Segment Start: Material provided
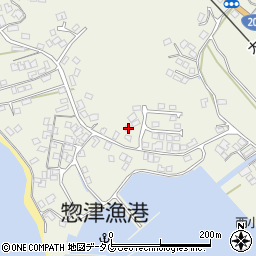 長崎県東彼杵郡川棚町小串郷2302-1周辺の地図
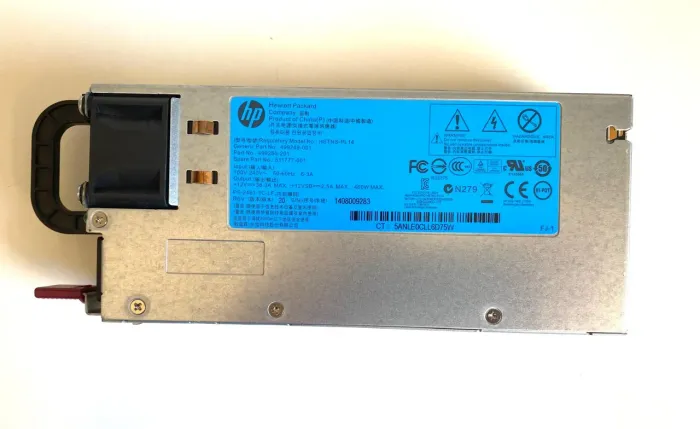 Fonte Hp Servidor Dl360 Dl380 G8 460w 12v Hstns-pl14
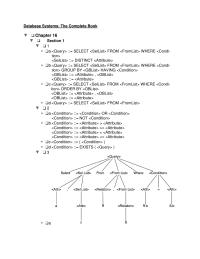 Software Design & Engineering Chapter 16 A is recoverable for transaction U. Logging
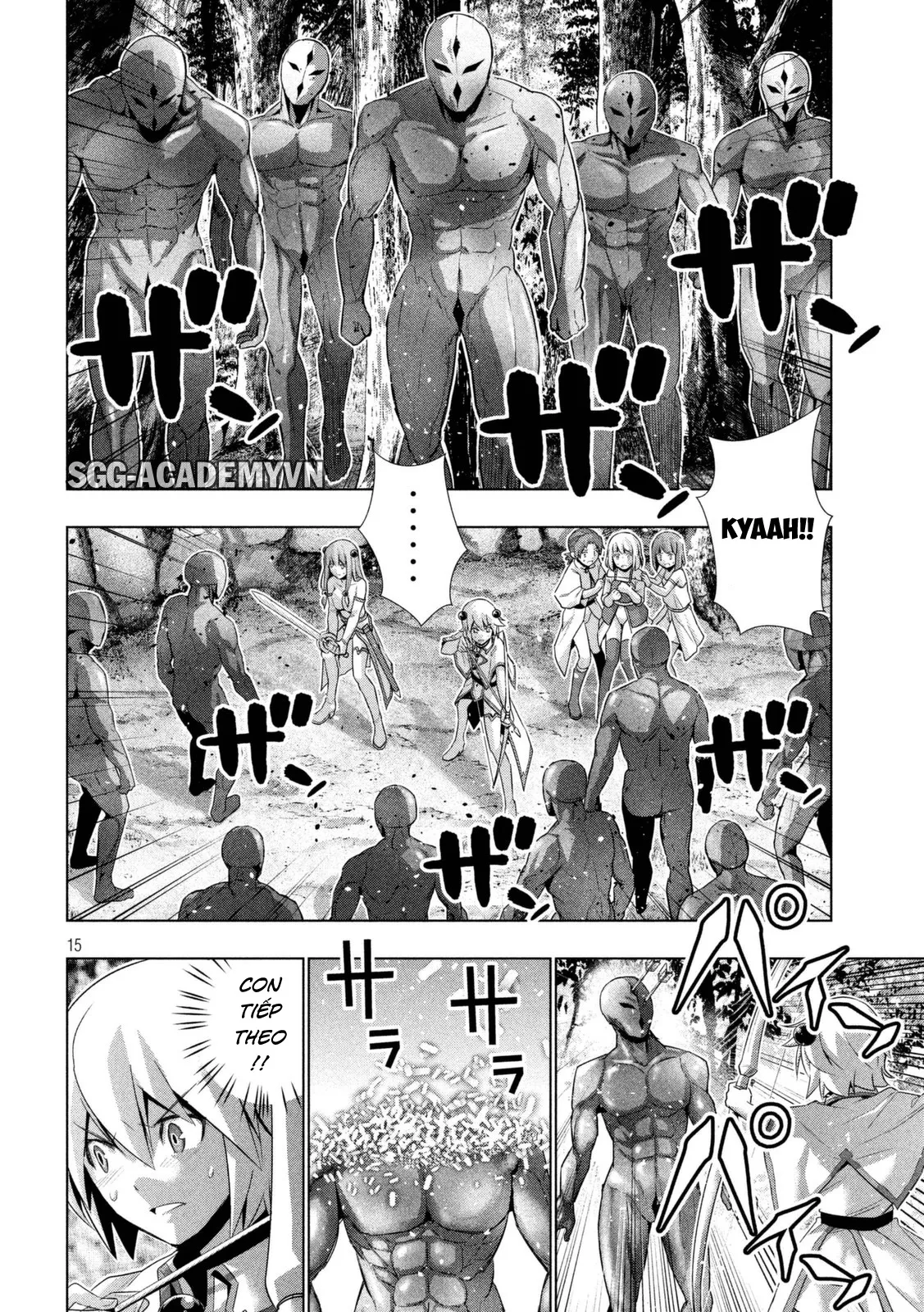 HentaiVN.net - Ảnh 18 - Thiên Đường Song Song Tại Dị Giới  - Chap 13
Segment End: Material provided
Segment Start: Material provided
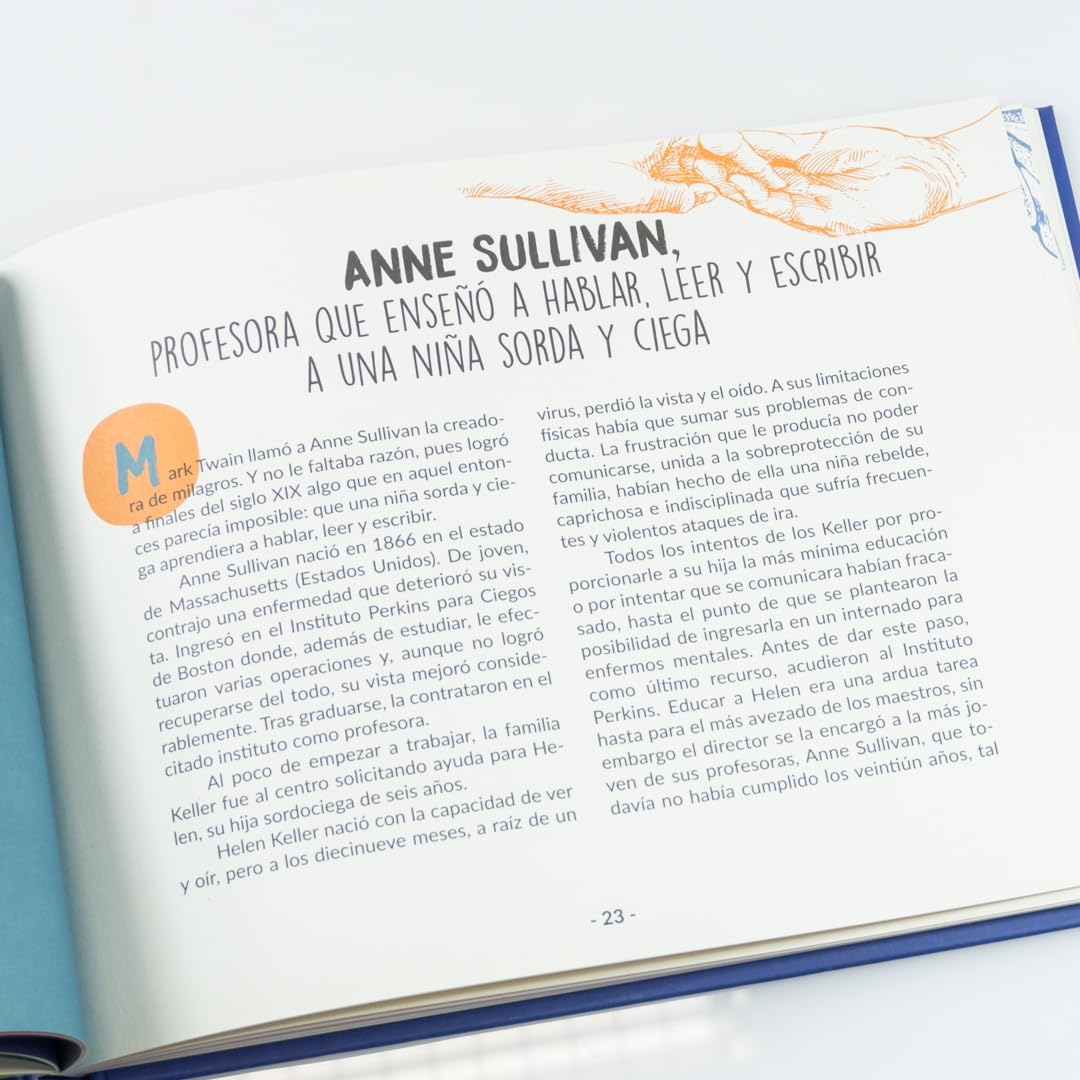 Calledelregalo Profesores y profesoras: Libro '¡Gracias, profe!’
Segment End: Material provided
What you need to do = Copy needed, without pictures: the lines of the listing above from the line containing "長崎県東彼杵郡川棚町小串郷2302-1周辺の地図" up to and including the line containing "HentaiVN.net - Ảnh", set down exactly.

Answer to this task =
 長崎県東彼杵郡川棚町小串郷2302-1周辺の地図
 Fonte Hp Servidor Dl360 Dl380 G8 460w 12v Hstns-pl14
 Software Design & Engineering Chapter 16 A is recoverable for transaction U. Logging
 HentaiVN.net - Ảnh 18 - Thiên Đường Song Song Tại Dị Giới  - Chap 13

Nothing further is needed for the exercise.